The attacks are believed to have been initiated by a group of protesters calling themselves Anonymous who launched the attack to protest against the Government's proposed web filter, which the group describes as "draconian internet censorship".
Charges were yet to be made and "inquiries" by the Australian Federal Police were still being looked into, Rothery said.

as posted here

Hackers gave notice before striking PM's website

as posted here

Karen Dearne | October 21, 2009
HACKERS with an online protest group dubbed Anonymous took down the Prime Minister's website for around half-an-hour in early September, despite giving more than a week's notice of their intentions, Mike Rothery, head of the new National Security Resilience Policy Division, has confirmed.
Tasmanian Liberal senator Guy Barnett said it "beggared belief" that measures were not in place to protect the website when the Attorney-General's Department and security personnel within the Prime Minister's office had pre-warning of the denial of service attack.

It's understood Anonymous members were protesting against the government's mandatory internet filtering plans; they had sought publicity for their actions, including appearing on Sky News several weeks earlier.

Mr Rothery said the attack - peaking at "a few thousand concurrent inquiries to the website" - continued for more than 20 hours, and occurred in two surges.

"The first was at 7pm on Wednesday (September 9), and my understanding is that the website went down for roughly 30 minutes between 7 and 7.30pm," he told the Senate Legal and Constitutional estimates inquiry in Canberra this week.

"The second surge (at 10am on Thursday), which was probably a slightly more severe threat, did not (succeed) in making the site unavailable.

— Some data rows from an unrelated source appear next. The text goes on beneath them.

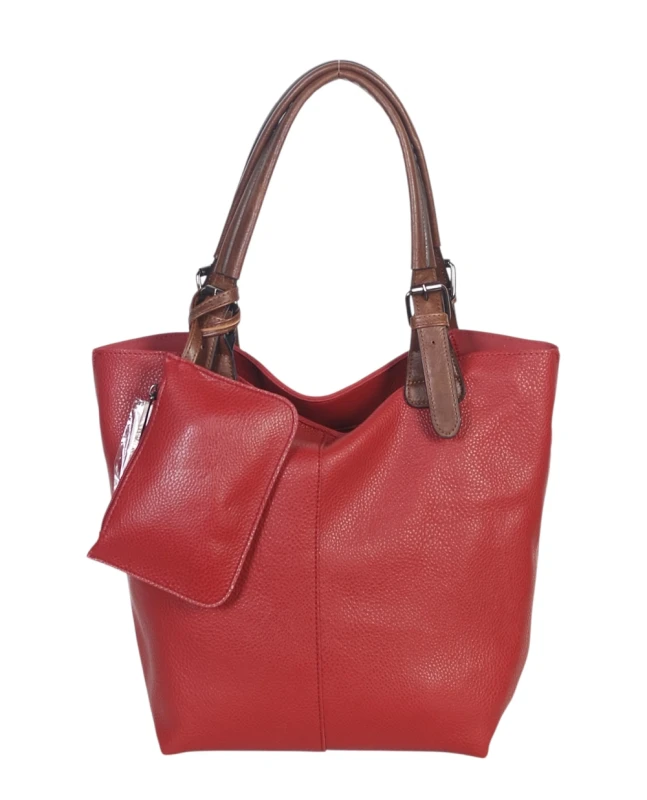 Torebka damska shopper 2w1 Saszetka na pasku Czerwona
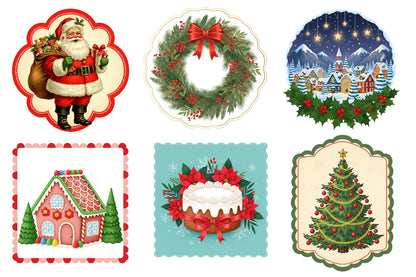 Christmas Frames Clipart PNG Bundle | Watercolor Festive Christmas Frame Clipart | Holiday Border Sublimation PNG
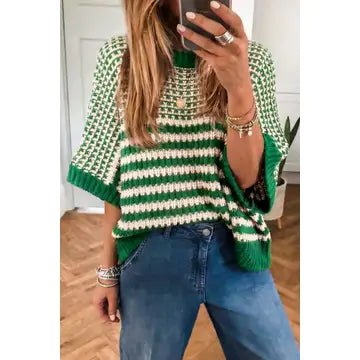 Green Striped Drape Sleeve Sweater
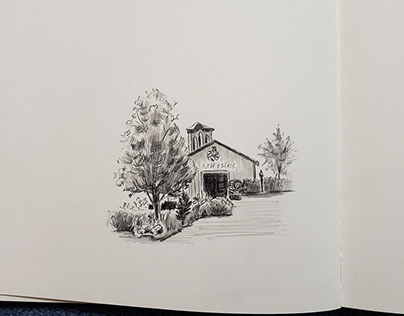 Pencil sketch of a small winery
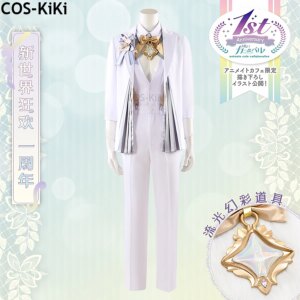 COS-KiKi Nu: Carnival Blade First Anniversary White Suit Gorgeous Handsome Cosplay Costume Halloween Party Role Play Outfit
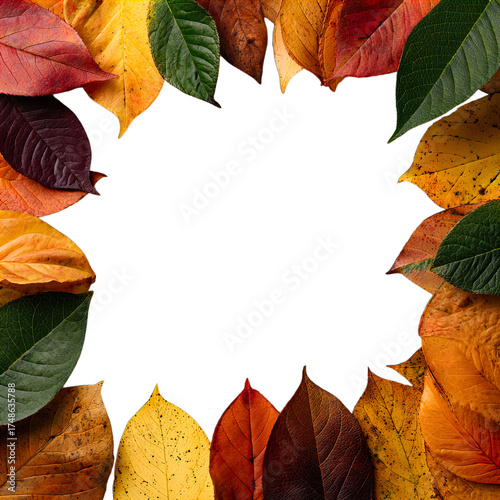 Colorful Autumn Foliage Frame, Vibrant Seasonal Leaves in a Beautiful Border Arrangement, Natural Organic Elements, Transparent Png Cutout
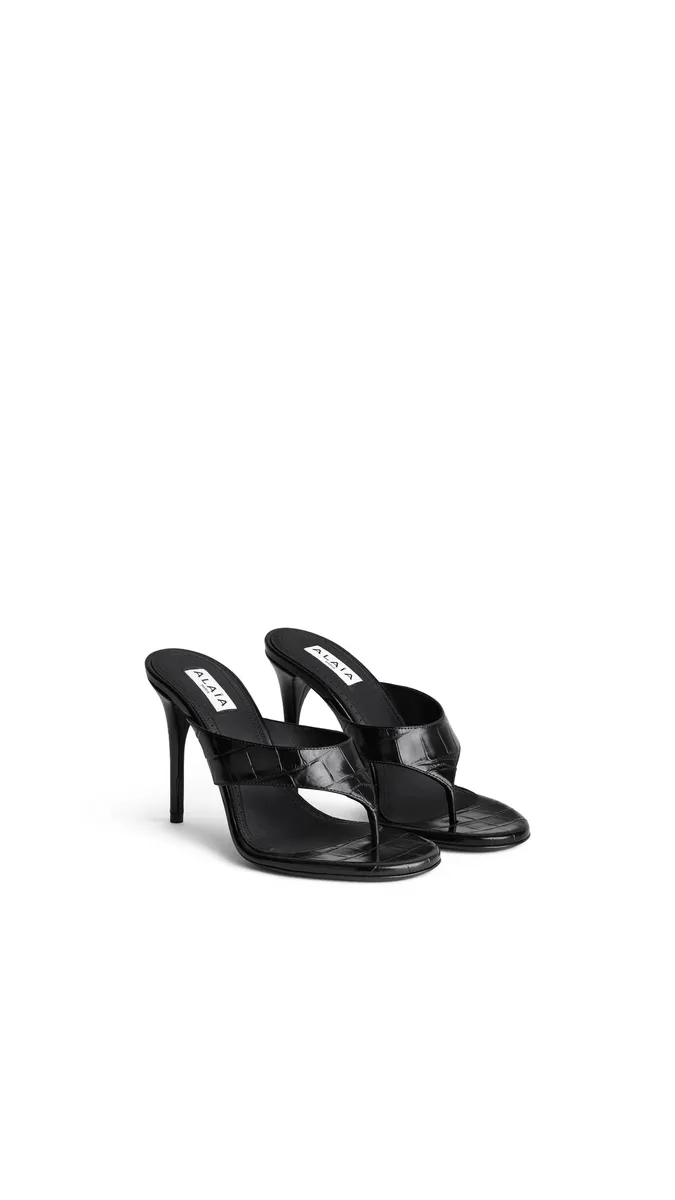 Alaïa Mules Tong In Crocodile Embossed Calfskin | Thumbnail 2 Alaïa Mules Tong In Crocodile Embossed Calfskin | Thumbnail 2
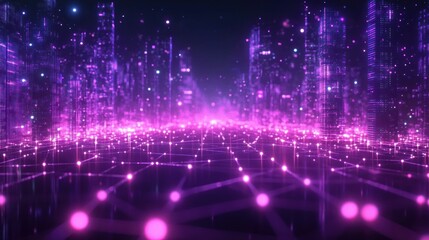Fototapeta premium Glowing futuristic digital cityscape with neon purple lights and interconnected data points creating a vibrant high-tech network atmosphere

Whilst the site became slower, the adjustments that had been made overnight were able to successfully manage (the situation)."

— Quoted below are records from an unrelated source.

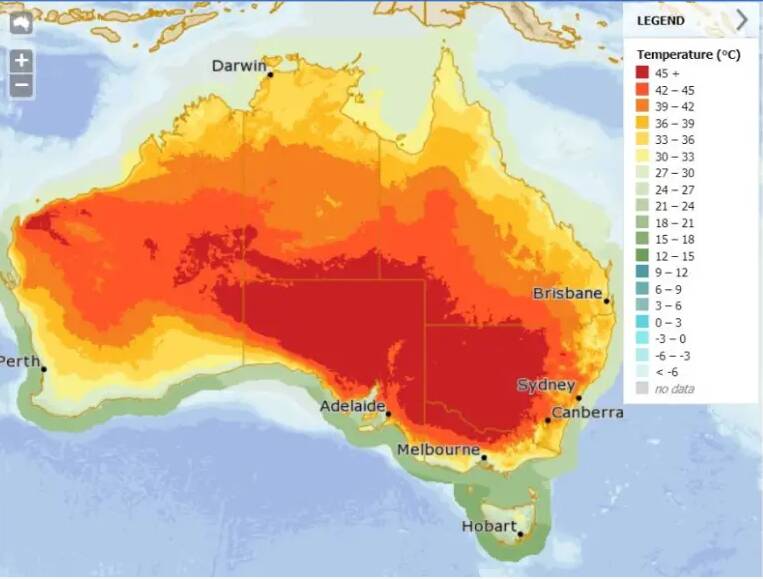 Most of inland south-eastern Australia is expected to reach 45 degrees or warmer on Wednesday. Picture: Bureau of Meteorology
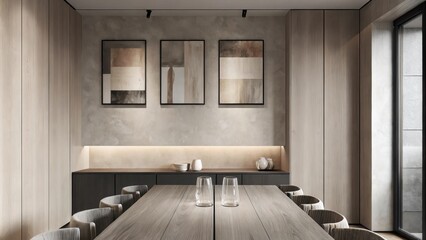 Poster - An elegant dining area with taupe walls and a long dark wooden dining table set for six. The room is accented with pale stoneware and delicate glassware while muted artwork hangs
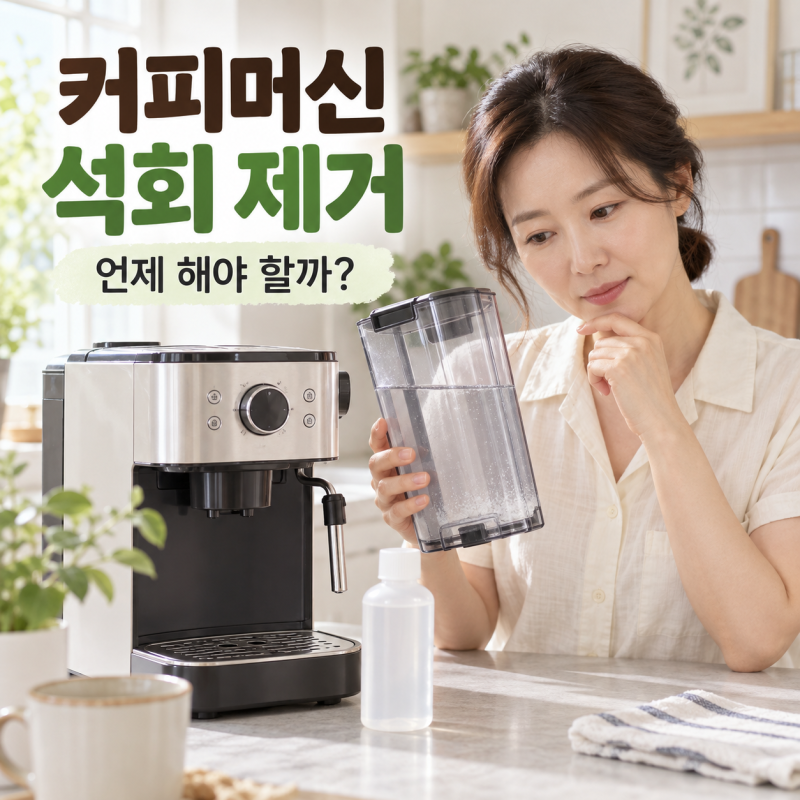 커피머신 물이 느리게 나오면 왜 그럴까? 석회 신호·제거방법 정리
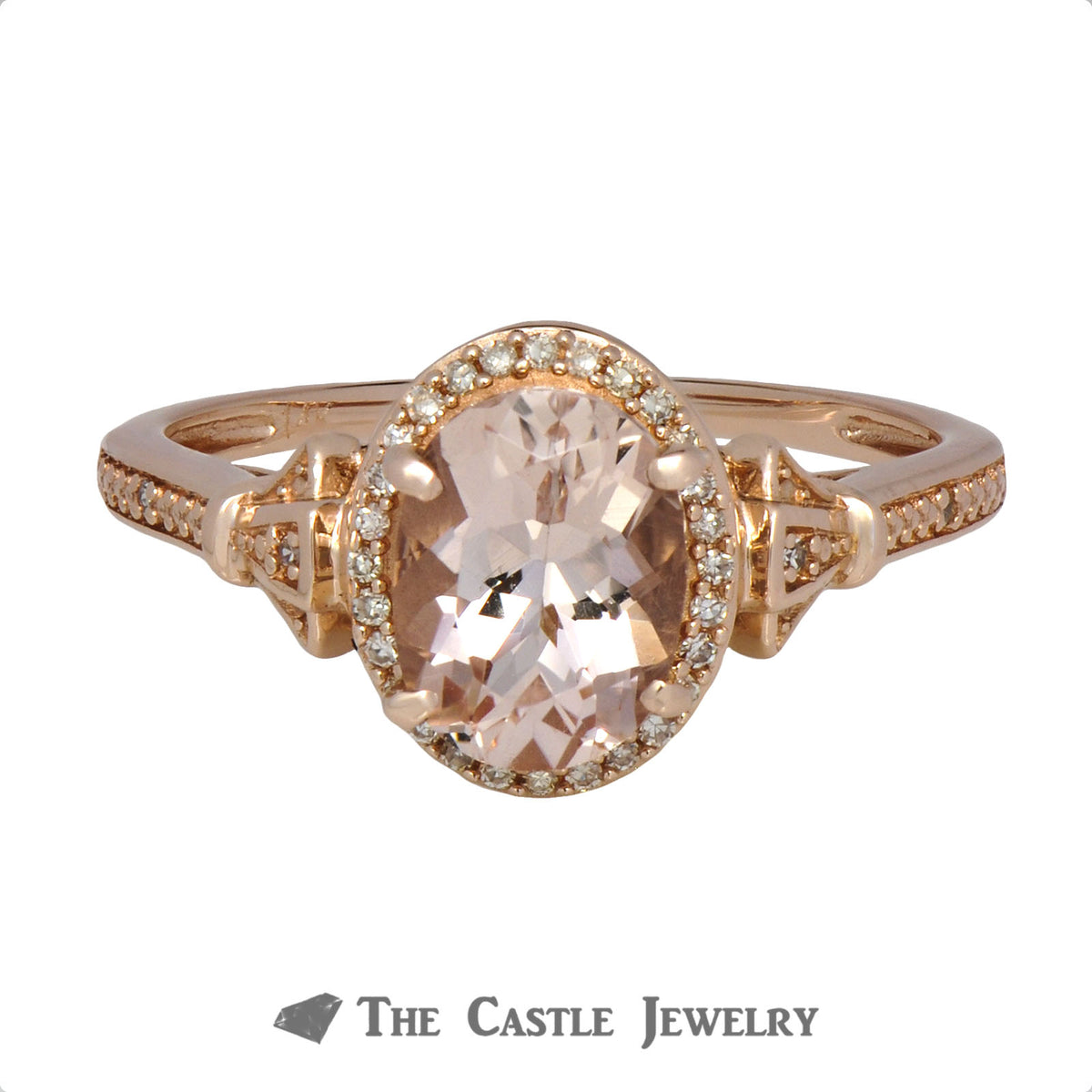 Oval Morganite Ring with Diamond Accents in 10K Rose Gold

Mr Rothery said the newly created Cyber Security Operations Centre (CSOC), located within the Defence Signals Directorate, had provided advice to several federal agencies experiencing increased traffic associated with the hackers ahead of the attack, and support from internet service providers was sought.

"We understand a number of measures put in place actually contributed to the site being unavailable," he said. "At one point they reduced the number of concurrent users that could connect, and that capacity was met very early. Over time, they turned that capacity up and were able to maintain the website despite the attack.

"In fact, the attack was less than anticipated, and some of the measures had been probably unnecessarily strict."

The Attorney-General's Department - which is responsible for cyber-security matters - co-ordinated a report to ministers on behalf of all agencies involved in managing the incident, he said, and federal police were making inquiries.

Mr Rothery said the CSOC, which became active in July, had given the government a new 24x7 capability for handling electronic threats and would also contribute to Defence capabilities.

Meanwhile, the new government-run Computer Emergency Response Team (CERT) would be online in January, and would absorb the "current activities of the Attorney-General's GovCERT unit", he said.

"The national CERT will co-ordinate the communication of information about both cyber-threats and vulnerabilities between different parts of the government and different parts of the business community, and through the business community to the broader Australian community," he said.

"An example would be by passing information to ISPs so that they can then provide better information and services to subscribers."

Mr Rothery said GovCERT had generally performed a CERT function for industry sectors like banking, telecommunications, energy and utilities.

"We also do work with other sectors of the economy that may be targeted for computer-based espionage," he said. "In that work, we share information about the characteristics of the attack."